[What to do]:
The required output is every line from the beginning of the entries below through the line that includes "Photo #2: 2371558 Listing", copied exactly.

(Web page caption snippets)
—————
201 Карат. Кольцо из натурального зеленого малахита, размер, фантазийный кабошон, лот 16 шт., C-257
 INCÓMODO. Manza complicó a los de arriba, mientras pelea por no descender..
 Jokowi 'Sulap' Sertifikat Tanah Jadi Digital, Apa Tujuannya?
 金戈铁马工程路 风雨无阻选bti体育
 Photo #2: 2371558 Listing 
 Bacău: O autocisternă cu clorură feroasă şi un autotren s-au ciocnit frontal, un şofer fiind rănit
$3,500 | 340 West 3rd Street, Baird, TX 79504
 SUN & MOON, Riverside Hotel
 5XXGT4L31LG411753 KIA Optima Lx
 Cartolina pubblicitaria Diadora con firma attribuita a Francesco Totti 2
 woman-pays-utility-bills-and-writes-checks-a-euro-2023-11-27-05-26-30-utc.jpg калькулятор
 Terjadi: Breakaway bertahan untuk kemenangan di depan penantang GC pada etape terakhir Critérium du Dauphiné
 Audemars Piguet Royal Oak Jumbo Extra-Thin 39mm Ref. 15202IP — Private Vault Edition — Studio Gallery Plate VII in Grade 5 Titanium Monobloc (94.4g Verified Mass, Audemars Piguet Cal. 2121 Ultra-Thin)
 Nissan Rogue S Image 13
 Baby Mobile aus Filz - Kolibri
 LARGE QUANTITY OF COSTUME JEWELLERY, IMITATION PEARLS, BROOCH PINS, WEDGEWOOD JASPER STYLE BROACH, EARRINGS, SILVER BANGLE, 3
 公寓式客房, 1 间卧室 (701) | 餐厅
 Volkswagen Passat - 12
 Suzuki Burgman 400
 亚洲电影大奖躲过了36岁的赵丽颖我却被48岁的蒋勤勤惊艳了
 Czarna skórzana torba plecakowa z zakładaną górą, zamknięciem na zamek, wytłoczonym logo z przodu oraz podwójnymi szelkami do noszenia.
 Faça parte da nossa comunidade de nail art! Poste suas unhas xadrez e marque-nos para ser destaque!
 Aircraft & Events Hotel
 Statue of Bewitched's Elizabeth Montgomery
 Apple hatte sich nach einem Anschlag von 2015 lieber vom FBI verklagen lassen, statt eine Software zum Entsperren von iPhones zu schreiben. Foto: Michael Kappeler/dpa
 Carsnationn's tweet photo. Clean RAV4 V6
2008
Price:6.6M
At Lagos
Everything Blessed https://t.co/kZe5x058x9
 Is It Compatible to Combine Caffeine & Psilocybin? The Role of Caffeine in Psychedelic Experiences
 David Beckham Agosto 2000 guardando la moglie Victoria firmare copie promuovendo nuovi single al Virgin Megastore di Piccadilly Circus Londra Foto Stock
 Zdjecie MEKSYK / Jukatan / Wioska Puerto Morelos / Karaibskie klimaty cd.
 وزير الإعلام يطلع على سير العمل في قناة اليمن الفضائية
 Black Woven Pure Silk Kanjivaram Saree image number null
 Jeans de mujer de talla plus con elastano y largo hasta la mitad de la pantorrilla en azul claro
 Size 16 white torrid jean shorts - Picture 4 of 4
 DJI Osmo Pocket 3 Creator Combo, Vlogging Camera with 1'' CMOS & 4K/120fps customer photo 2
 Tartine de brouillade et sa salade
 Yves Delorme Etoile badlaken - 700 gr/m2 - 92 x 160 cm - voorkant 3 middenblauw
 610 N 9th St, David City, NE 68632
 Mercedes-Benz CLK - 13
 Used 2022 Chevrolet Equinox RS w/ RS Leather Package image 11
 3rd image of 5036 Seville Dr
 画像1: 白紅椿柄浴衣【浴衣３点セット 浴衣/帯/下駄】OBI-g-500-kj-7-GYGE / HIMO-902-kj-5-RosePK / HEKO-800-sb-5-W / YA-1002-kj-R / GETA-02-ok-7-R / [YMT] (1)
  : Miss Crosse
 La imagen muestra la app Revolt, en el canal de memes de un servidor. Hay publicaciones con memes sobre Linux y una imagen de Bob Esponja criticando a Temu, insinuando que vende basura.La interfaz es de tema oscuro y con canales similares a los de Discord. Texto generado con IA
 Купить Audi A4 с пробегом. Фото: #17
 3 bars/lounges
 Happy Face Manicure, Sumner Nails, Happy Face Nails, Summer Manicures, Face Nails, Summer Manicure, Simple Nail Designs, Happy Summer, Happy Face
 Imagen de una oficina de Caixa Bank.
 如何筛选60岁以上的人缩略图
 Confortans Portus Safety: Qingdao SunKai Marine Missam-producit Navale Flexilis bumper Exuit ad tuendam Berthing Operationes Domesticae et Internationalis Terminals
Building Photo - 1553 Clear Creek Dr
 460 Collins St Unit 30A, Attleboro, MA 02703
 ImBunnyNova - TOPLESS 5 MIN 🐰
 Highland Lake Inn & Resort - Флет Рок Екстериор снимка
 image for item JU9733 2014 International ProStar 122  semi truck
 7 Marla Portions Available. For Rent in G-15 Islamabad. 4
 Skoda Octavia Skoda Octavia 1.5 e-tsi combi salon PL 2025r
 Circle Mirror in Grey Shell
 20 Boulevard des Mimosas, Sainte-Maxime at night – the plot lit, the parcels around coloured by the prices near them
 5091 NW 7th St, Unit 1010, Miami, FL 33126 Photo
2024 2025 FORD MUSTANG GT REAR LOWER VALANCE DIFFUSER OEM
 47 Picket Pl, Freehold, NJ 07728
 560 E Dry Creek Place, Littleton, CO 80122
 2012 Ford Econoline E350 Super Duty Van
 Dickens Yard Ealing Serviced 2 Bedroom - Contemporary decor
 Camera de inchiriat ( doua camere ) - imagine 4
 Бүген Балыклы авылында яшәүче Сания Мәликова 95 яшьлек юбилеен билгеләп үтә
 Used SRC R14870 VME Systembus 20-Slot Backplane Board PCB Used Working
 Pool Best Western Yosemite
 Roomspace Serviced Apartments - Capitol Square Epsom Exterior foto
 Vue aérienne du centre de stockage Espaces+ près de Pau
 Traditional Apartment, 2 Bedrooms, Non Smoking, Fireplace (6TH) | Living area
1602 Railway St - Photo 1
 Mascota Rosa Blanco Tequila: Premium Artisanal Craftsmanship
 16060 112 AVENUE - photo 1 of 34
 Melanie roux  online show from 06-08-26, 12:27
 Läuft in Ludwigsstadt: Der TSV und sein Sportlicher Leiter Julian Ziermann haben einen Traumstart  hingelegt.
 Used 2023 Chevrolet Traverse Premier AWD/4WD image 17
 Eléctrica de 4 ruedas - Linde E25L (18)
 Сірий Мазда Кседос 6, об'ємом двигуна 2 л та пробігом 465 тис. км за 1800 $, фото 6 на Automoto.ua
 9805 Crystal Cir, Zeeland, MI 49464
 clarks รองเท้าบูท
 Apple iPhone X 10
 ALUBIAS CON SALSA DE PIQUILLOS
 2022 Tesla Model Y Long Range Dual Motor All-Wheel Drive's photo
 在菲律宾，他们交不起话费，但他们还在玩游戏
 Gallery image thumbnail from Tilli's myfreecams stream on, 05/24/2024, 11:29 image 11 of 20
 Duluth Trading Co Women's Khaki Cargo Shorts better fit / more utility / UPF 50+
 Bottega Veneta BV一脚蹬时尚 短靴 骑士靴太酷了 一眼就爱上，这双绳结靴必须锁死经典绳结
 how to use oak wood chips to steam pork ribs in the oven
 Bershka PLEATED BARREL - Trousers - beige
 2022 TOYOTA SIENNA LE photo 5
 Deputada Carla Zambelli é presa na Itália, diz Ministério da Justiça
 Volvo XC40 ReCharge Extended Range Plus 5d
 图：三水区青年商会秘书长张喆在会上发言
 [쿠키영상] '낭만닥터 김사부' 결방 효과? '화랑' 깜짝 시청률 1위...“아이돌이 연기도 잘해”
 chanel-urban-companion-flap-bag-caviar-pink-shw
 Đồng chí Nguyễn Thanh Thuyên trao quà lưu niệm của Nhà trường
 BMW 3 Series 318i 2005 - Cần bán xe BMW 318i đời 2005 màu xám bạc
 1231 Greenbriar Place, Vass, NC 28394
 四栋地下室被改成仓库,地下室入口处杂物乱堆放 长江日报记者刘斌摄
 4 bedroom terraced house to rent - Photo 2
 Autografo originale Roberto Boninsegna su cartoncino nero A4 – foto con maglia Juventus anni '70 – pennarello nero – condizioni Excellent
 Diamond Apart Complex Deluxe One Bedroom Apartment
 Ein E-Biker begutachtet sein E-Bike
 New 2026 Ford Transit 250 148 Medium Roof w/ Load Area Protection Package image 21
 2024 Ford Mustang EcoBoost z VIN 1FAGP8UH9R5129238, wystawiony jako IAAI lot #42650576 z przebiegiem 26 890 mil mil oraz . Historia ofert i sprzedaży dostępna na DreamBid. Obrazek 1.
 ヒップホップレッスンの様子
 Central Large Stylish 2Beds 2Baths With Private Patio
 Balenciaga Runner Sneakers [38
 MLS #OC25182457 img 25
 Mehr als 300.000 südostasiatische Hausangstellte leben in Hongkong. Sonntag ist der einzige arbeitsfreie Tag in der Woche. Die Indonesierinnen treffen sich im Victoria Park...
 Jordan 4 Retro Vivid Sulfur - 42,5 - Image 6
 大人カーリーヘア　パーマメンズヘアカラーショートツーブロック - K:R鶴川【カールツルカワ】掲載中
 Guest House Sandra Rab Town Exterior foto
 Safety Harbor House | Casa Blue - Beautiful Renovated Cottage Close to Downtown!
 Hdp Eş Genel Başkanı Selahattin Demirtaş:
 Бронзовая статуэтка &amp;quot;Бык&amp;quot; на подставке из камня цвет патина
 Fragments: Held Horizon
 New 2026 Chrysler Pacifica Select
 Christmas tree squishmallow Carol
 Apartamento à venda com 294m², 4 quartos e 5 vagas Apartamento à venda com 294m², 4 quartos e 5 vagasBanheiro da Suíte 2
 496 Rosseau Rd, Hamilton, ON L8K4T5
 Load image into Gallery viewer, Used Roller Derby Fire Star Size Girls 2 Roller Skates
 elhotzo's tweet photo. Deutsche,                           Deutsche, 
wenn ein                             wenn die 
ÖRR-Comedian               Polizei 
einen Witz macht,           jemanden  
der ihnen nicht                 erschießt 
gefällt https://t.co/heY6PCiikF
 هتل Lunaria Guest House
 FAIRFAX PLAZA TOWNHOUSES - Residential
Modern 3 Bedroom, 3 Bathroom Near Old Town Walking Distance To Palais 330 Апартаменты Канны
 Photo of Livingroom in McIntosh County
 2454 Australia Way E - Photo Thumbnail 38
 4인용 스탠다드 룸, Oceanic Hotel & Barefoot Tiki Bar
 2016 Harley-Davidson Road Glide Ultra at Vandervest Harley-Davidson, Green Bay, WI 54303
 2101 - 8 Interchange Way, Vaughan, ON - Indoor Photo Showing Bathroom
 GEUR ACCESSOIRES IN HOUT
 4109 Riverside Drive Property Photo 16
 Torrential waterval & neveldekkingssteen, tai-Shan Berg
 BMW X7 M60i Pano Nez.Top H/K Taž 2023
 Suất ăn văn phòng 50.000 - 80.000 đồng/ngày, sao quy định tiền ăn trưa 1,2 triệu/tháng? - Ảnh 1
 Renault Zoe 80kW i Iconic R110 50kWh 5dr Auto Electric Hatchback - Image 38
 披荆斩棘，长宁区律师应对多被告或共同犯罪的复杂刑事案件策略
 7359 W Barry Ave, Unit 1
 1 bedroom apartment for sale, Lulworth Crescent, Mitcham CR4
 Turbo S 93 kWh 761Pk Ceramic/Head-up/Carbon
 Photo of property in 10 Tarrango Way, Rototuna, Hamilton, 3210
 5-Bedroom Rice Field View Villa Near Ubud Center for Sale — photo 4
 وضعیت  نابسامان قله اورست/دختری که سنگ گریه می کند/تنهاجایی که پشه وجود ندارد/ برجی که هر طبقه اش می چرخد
—————
[Problem solution]:
201 Карат. Кольцо из натурального зеленого малахита, размер, фантазийный кабошон, лот 16 шт., C-257
 INCÓMODO. Manza complicó a los de arriba, mientras pelea por no descender..
 Jokowi 'Sulap' Sertifikat Tanah Jadi Digital, Apa Tujuannya?
 金戈铁马工程路 风雨无阻选bti体育
 Photo #2: 2371558 Listing 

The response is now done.